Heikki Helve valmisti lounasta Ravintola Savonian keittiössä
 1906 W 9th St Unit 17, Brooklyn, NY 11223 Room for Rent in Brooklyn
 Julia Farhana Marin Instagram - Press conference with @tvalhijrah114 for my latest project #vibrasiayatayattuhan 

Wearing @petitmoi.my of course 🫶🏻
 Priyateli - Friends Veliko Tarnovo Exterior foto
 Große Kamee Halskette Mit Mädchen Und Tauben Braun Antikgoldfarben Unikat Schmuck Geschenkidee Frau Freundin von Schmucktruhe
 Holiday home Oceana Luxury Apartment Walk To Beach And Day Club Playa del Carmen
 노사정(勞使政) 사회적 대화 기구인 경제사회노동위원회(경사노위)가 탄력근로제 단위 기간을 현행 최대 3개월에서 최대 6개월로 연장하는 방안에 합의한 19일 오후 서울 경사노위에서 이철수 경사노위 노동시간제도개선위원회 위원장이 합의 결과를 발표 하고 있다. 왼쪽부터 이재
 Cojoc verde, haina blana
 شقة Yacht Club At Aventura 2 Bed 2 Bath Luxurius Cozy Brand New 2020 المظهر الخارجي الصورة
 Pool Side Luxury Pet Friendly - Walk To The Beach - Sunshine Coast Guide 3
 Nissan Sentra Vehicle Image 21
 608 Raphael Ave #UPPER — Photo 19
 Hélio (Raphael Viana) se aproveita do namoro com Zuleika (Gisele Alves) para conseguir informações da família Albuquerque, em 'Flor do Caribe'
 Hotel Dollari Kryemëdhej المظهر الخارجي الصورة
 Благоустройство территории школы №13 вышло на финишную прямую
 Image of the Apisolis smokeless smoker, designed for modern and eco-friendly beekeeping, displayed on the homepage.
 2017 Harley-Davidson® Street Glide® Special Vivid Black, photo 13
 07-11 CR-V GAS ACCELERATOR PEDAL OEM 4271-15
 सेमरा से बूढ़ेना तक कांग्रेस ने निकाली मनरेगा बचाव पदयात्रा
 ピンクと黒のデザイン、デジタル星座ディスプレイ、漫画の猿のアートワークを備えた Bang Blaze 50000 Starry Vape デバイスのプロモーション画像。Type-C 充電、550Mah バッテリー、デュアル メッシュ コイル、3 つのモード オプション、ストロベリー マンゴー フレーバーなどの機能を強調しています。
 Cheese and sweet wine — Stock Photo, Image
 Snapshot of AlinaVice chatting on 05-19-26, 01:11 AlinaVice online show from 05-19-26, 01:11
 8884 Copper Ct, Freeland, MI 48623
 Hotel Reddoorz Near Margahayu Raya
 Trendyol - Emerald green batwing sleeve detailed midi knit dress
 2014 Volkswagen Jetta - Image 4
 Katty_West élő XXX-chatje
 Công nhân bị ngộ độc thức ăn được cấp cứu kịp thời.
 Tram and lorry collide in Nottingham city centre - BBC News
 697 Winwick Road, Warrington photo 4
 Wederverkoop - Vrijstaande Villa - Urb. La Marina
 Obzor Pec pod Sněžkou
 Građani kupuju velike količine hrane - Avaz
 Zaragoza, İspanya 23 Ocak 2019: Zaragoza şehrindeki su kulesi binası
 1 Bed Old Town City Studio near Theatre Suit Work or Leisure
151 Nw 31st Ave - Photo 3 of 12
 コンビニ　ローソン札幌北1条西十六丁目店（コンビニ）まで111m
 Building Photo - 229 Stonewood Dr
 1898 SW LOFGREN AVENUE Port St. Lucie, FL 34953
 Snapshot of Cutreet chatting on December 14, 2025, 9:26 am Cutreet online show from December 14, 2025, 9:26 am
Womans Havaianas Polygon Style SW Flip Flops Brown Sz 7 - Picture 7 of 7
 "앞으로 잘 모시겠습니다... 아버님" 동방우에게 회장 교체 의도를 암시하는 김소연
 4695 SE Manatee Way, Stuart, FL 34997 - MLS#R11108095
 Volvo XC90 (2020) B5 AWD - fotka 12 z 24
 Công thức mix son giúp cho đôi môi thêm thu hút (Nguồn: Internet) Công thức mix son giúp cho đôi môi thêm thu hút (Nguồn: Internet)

○ ○ ○ ○ ○

§ **Your goal**:
Nothing in the records may be dropped; reproduce them exactly.

§ **Written reply**:
Heikki Helve valmisti lounasta Ravintola Savonian keittiössä
 1906 W 9th St Unit 17, Brooklyn, NY 11223 Room for Rent in Brooklyn
 Julia Farhana Marin Instagram - Press conference with @tvalhijrah114 for my latest project #vibrasiayatayattuhan 

Wearing @petitmoi.my of course 🫶🏻
 Priyateli - Friends Veliko Tarnovo Exterior foto
 Große Kamee Halskette Mit Mädchen Und Tauben Braun Antikgoldfarben Unikat Schmuck Geschenkidee Frau Freundin von Schmucktruhe
 Holiday home Oceana Luxury Apartment Walk To Beach And Day Club Playa del Carmen
 노사정(勞使政) 사회적 대화 기구인 경제사회노동위원회(경사노위)가 탄력근로제 단위 기간을 현행 최대 3개월에서 최대 6개월로 연장하는 방안에 합의한 19일 오후 서울 경사노위에서 이철수 경사노위 노동시간제도개선위원회 위원장이 합의 결과를 발표 하고 있다. 왼쪽부터 이재
 Cojoc verde, haina blana
 شقة Yacht Club At Aventura 2 Bed 2 Bath Luxurius Cozy Brand New 2020 المظهر الخارجي الصورة
 Pool Side Luxury Pet Friendly - Walk To The Beach - Sunshine Coast Guide 3
 Nissan Sentra Vehicle Image 21
 608 Raphael Ave #UPPER — Photo 19
 Hélio (Raphael Viana) se aproveita do namoro com Zuleika (Gisele Alves) para conseguir informações da família Albuquerque, em 'Flor do Caribe'
 Hotel Dollari Kryemëdhej المظهر الخارجي الصورة
 Благоустройство территории школы №13 вышло на финишную прямую
 Image of the Apisolis smokeless smoker, designed for modern and eco-friendly beekeeping, displayed on the homepage.
 2017 Harley-Davidson® Street Glide® Special Vivid Black, photo 13
 07-11 CR-V GAS ACCELERATOR PEDAL OEM 4271-15
 सेमरा से बूढ़ेना तक कांग्रेस ने निकाली मनरेगा बचाव पदयात्रा
 ピンクと黒のデザイン、デジタル星座ディスプレイ、漫画の猿のアートワークを備えた Bang Blaze 50000 Starry Vape デバイスのプロモーション画像。Type-C 充電、550Mah バッテリー、デュアル メッシュ コイル、3 つのモード オプション、ストロベリー マンゴー フレーバーなどの機能を強調しています。
 Cheese and sweet wine — Stock Photo, Image
 Snapshot of AlinaVice chatting on 05-19-26, 01:11 AlinaVice online show from 05-19-26, 01:11
 8884 Copper Ct, Freeland, MI 48623
 Hotel Reddoorz Near Margahayu Raya
 Trendyol - Emerald green batwing sleeve detailed midi knit dress
 2014 Volkswagen Jetta - Image 4
 Katty_West élő XXX-chatje
 Công nhân bị ngộ độc thức ăn được cấp cứu kịp thời.
 Tram and lorry collide in Nottingham city centre - BBC News
 697 Winwick Road, Warrington photo 4
 Wederverkoop - Vrijstaande Villa - Urb. La Marina
 Obzor Pec pod Sněžkou
 Građani kupuju velike količine hrane - Avaz
 Zaragoza, İspanya 23 Ocak 2019: Zaragoza şehrindeki su kulesi binası
 1 Bed Old Town City Studio near Theatre Suit Work or Leisure
151 Nw 31st Ave - Photo 3 of 12
 コンビニ　ローソン札幌北1条西十六丁目店（コンビニ）まで111m
 Building Photo - 229 Stonewood Dr
 1898 SW LOFGREN AVENUE Port St. Lucie, FL 34953
 Snapshot of Cutreet chatting on December 14, 2025, 9:26 am Cutreet online show from December 14, 2025, 9:26 am
Womans Havaianas Polygon Style SW Flip Flops Brown Sz 7 - Picture 7 of 7
 "앞으로 잘 모시겠습니다... 아버님" 동방우에게 회장 교체 의도를 암시하는 김소연
 4695 SE Manatee Way, Stuart, FL 34997 - MLS#R11108095
 Volvo XC90 (2020) B5 AWD - fotka 12 z 24
 Công thức mix son giúp cho đôi môi thêm thu hút (Nguồn: Internet) Công thức mix son giúp cho đôi môi thêm thu hút (Nguồn: Internet)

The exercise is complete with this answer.